Skip to content

Generate images with diffusion models

mistral.rs serves diffusion models through POST /v1/images/generations. The main supported model is FLUX; see the supported models reference.

Terminal window
mistralrs serve -m black-forest-labs/FLUX.1-schnell

FLUX.1-schnell is permissively licensed. FLUX.1-dev requires Hugging Face license acceptance: accept on the model page, then authenticate with mistralrs login.

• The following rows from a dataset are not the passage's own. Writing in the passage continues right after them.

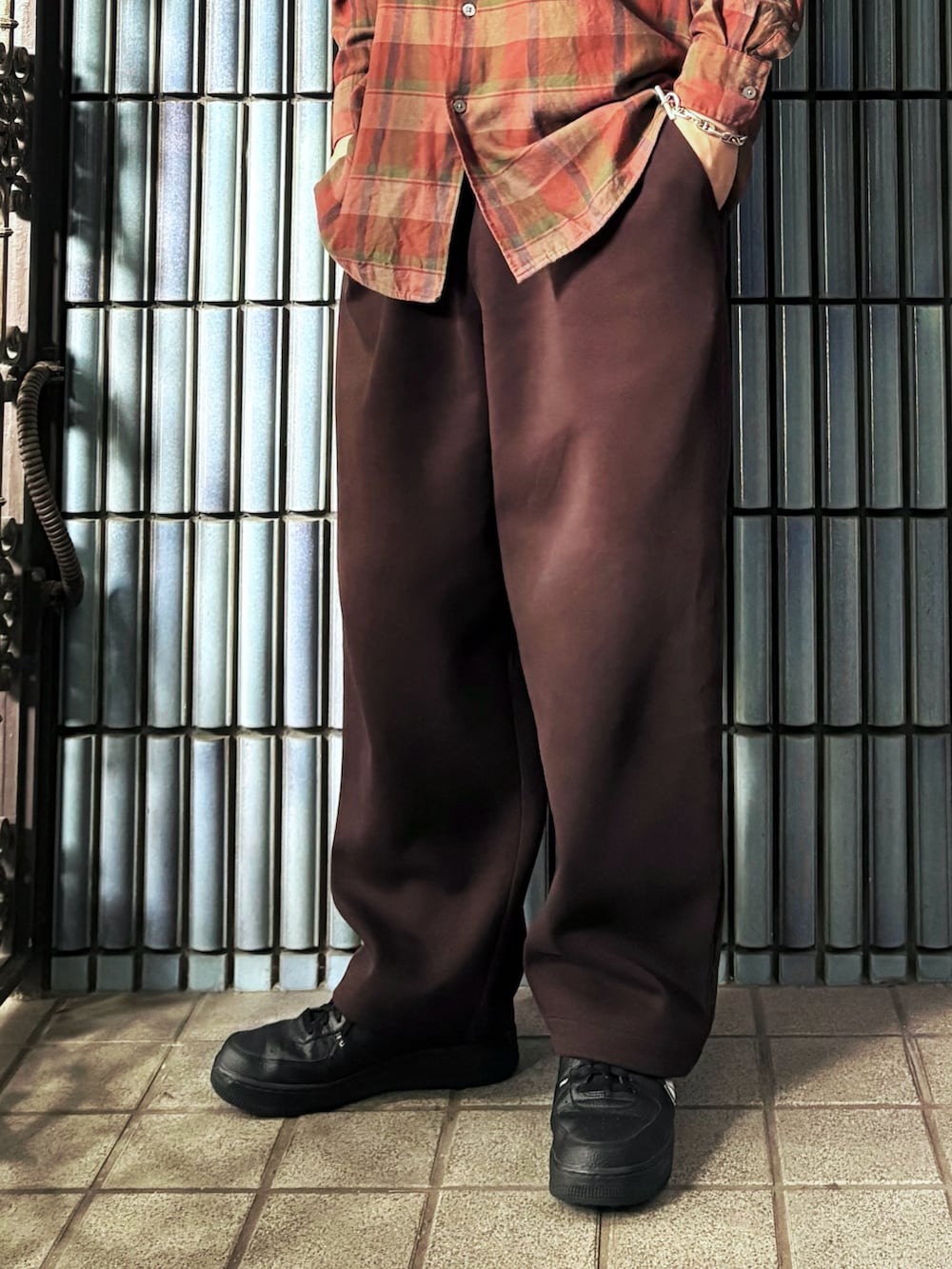 ブラック系のスニーカー、オレンジ系のシャツ/ブラウス、ブラウン系のスウェットパンツを着用したメンズの秋コーディネートの3枚目の写真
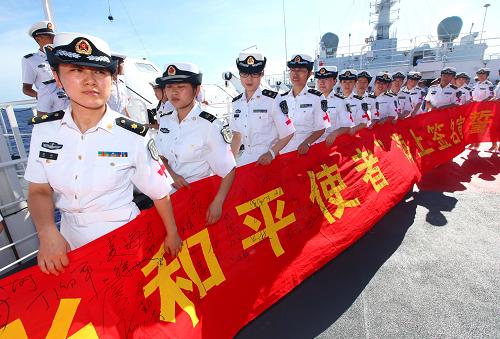 9月21日,在太平洋航行的中國海軍“和平方舟”號醫(yī)院船上,簽名儀式結束后醫(yī)護人員拉起簽滿名字的橫幅。 新華社記者 查春明 攝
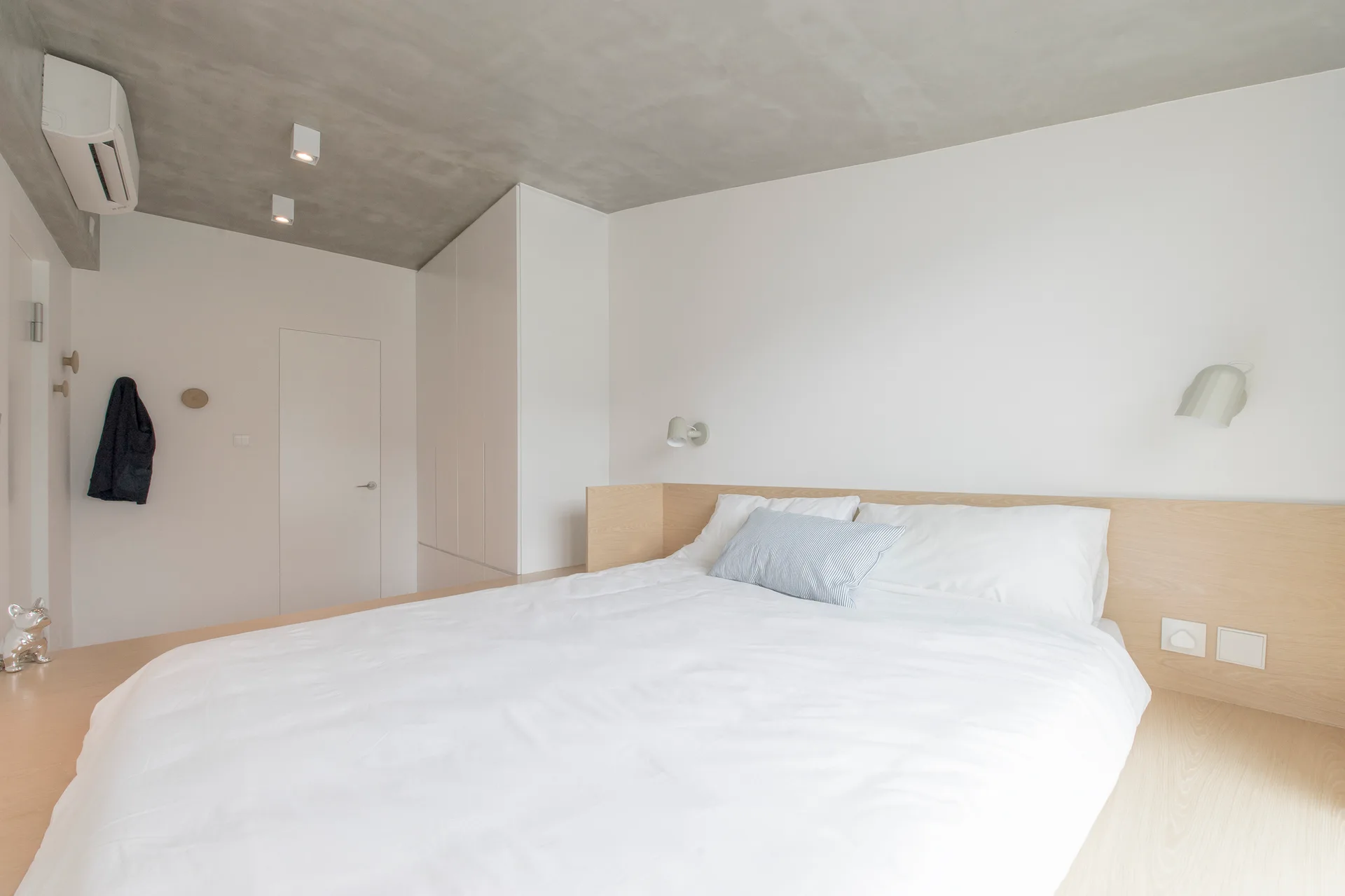 A minimalist bedroom featuring a white platform bed with a light wood headboard beneath a raw grey concrete ceiling.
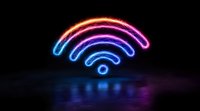 Glowing neon wifi symbol with gradient color from red to blue floating in dark space with reflection on glossy surface, modern technology concept.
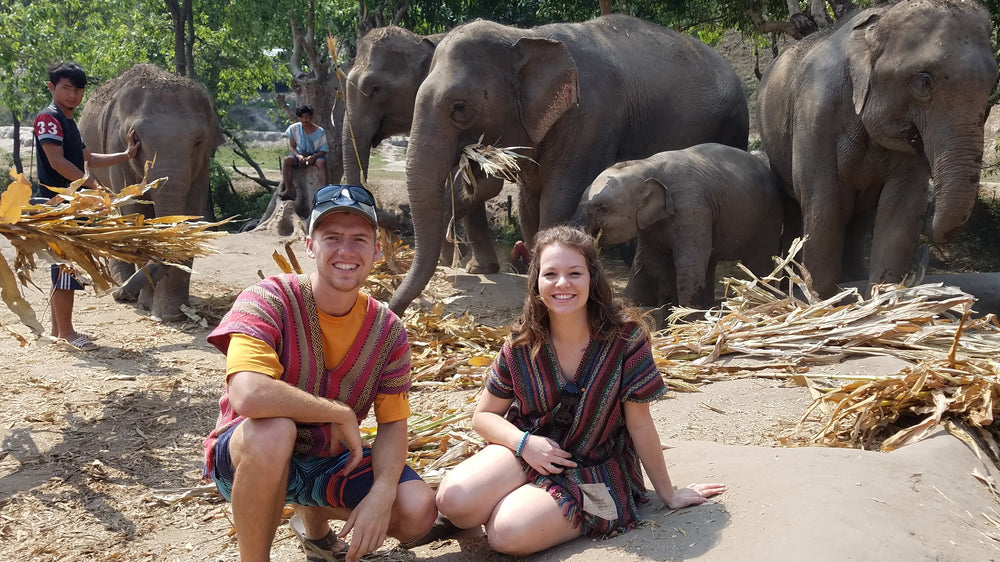 A man and a woman sitting in front of a group of elephants at a sanctuary or farm, with people and dried palm leaves in the background.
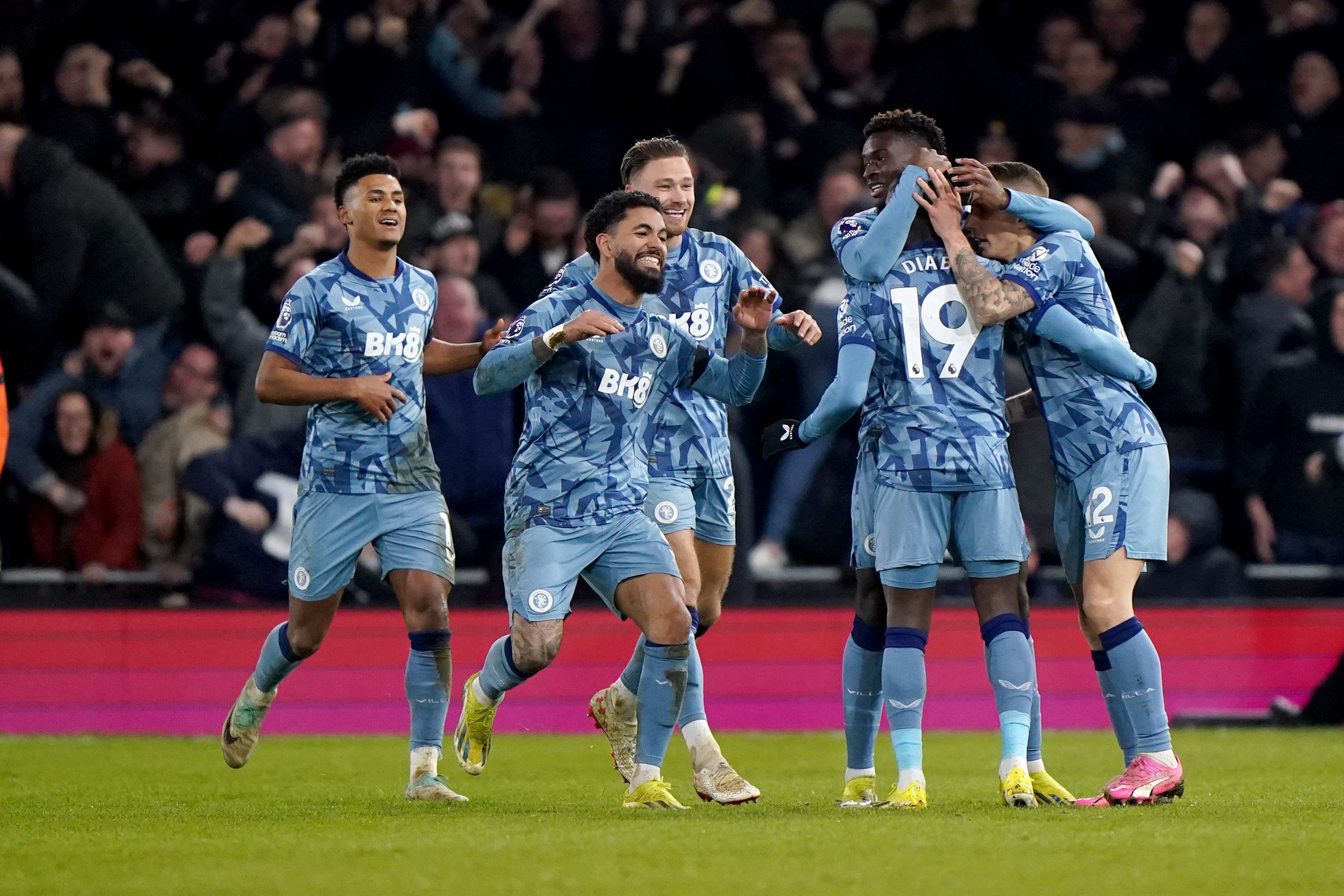 Aston Villa’s Lucas Digne (right) is congratulated by his team-mates (Bradley Collyer/PA)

The CLI and server always load the fully-resident Flux path. To trade speed for a much smaller GPU footprint, use the FluxOffloaded loader, which is only selectable from the SDKs (see Python SDK):

| Loader | GPU footprint | Availability | Notes | |---|---|---|---| | Flux | Full model resident | CLI, server, SDK | Fully loaded path. Fastest. | | FluxOffloaded | Much smaller | SDK only | Offloads components to CPU; useful when the full model does not fit. |

Generating an image:

Terminal window
curl http://localhost:1234/v1/images/generations \
-H "Content-Type: application/json" \
-d '{
"model": "default",
"prompt": "A photograph of a golden retriever wearing a scarf in autumn leaves.",
"n": 1,
"height": 1024,
"width": 1024
}'

The response is JSON with a data array. Each entry has either url or b64_json, controlled by response_format (default Url); see Request fields and Output handling.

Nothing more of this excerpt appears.